Youden index54 was used to calculate the optimal cut-off for the risk score obtained. The risk score was evaluated using the sensitivity and specificity values obtained at the cut-off that maximized the Youden index, and the associated sensitivity and specificity values were compared with the WHO-recommended target product profile for a non-sputum-based triage test (90% sensitivity and 70% specificity). Risk scores with maximum sensitivity and specificity and those achieving values closer to the target product profile threshold of a triage test was considered final. The optimal cut-offs for each gene set were calculated using samples from all three countries. As the reference group included several health conditions (Table S1), such as pneumonia, lower respiratory tract infection, malnutrition, and lymphadenitis, the Youden-index-estimated cut-offs was tested to see if it separated TB from each of these conditions. A specific health condition was considered only if a minimum of five samples were available. However, to construct AUROC curves for TB vs. each non-TB condition, health conditions that had at least 10 samples, wherever possible were considered. Furthermore, the risk scores identified for male and female pediatric samples were tested in culture-negative samples.

All figures were prepared using GraphPad Prism version 9 for Windows, GraphPad Software, San Diego, California, USA (www.graphpad.com).

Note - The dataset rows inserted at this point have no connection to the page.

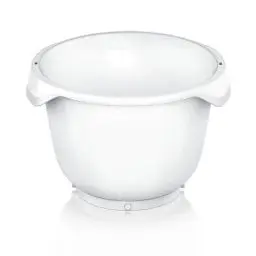 Produktbild: Bosch Kunststoff-Schüssel MUZ9KR1, 5,5 Liter, max. Teigmenge 3,5 kg, praktische Griffe, spülmaschinenfest, passend für Küchenmaschine Serie 8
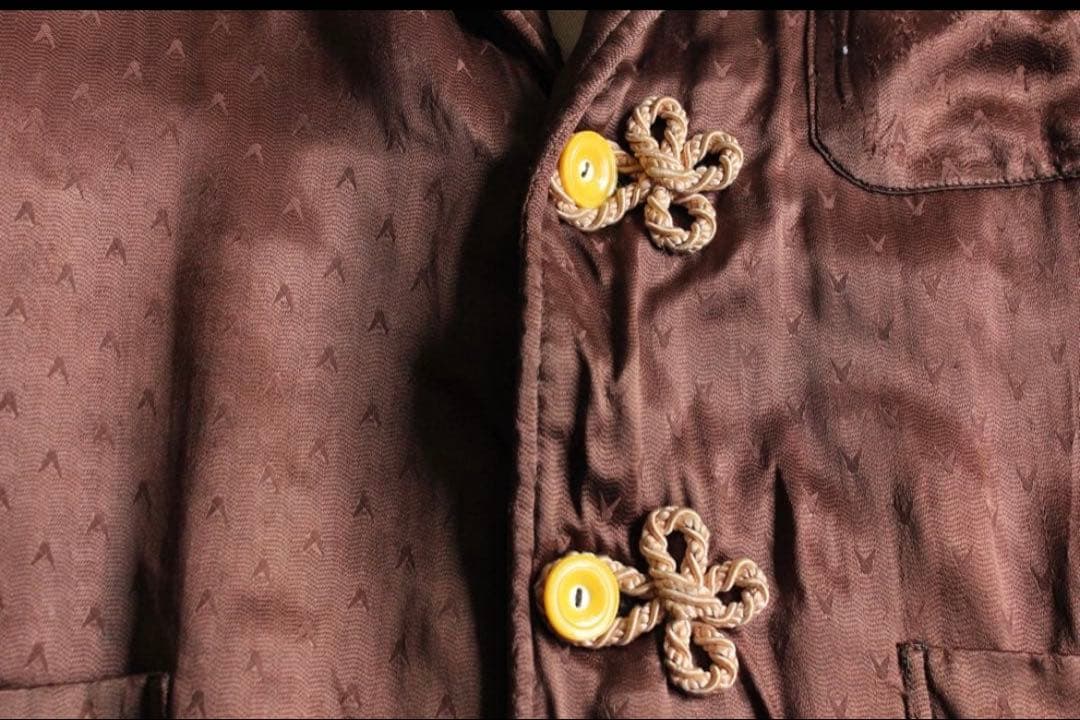 ジャケット・アウター 1900s silk satin smoking jacket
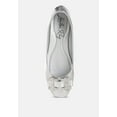 thumbnail image 4 of Navik Rhinestone Buckle Metallic Ballerinas, 4 of 10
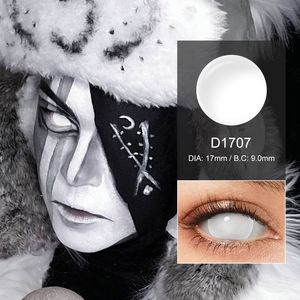 Pseyeche 17mm 미니 공막 렌즈 sharingan 콘택트 렌즈 연락처 무서운 할로윈 컬러 연락처 미친 렌즈 - Product Image 3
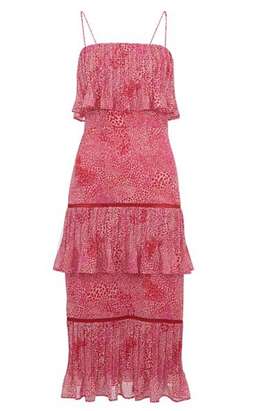 WHISTLES ABSTRACT ANIMAL TIER DRESS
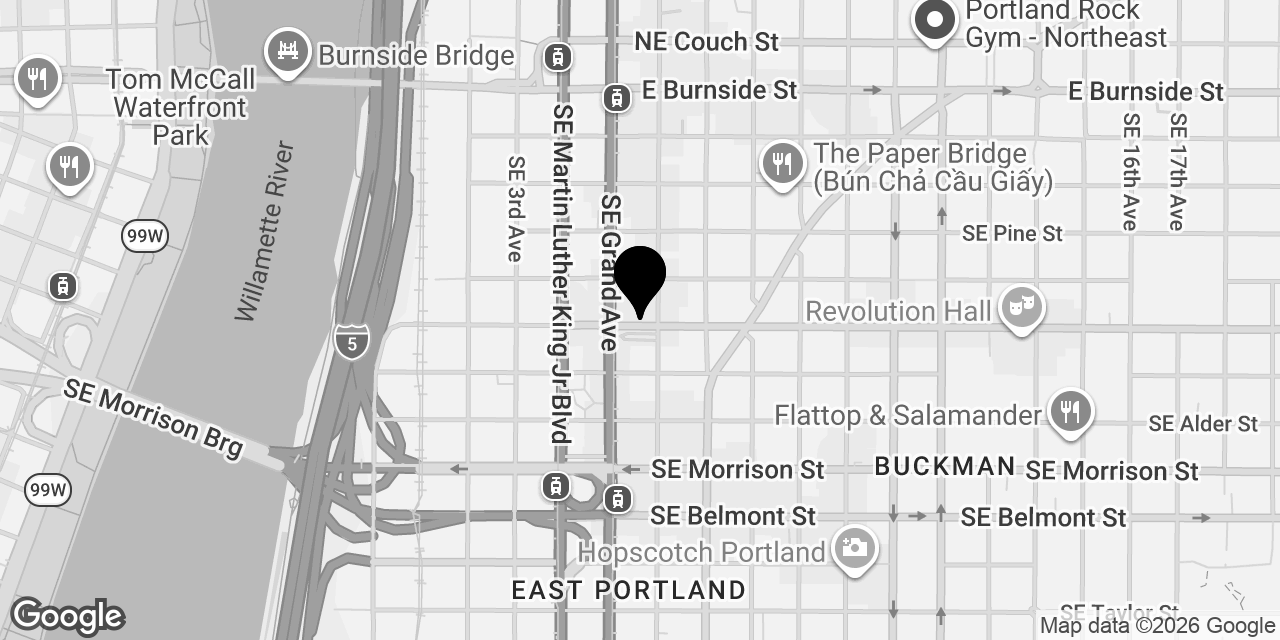 Map to Milagro Theatre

Evaluation of previously published pediatric transcriptomic signatures

Eight gene signatures published in seven reports7,9,10,13,40,41,42 were comparedĀ with our gene signatures. For this, the list of genes reported in each study as biomarkers was downloaded and a risk score was generated using the formula provided in Ref7. Then, the sensitivity and specificity for this list of genes was calculated using the male and female samples included in pediatric datasets GSE39939 and GSE39940 (the datasets used in the current study). Risk scores for all published gene signatures were calculated separately for male and female pediatric samples, as explained above (subtracting the average expression values of downregulated genes from the average expression values of upregulated ones). To draw parallel comparisons while calculating the risk score, we divided the genes into upregulated and downregulated groups, as done in the parent studies, irrespective of the direction in which they were expressed in the datasets used for our analysis. AUROC, sensitivity, and specificity values were calculated and compared with the target product profile and the values obtained from our analysis of sex-specific gene signatures.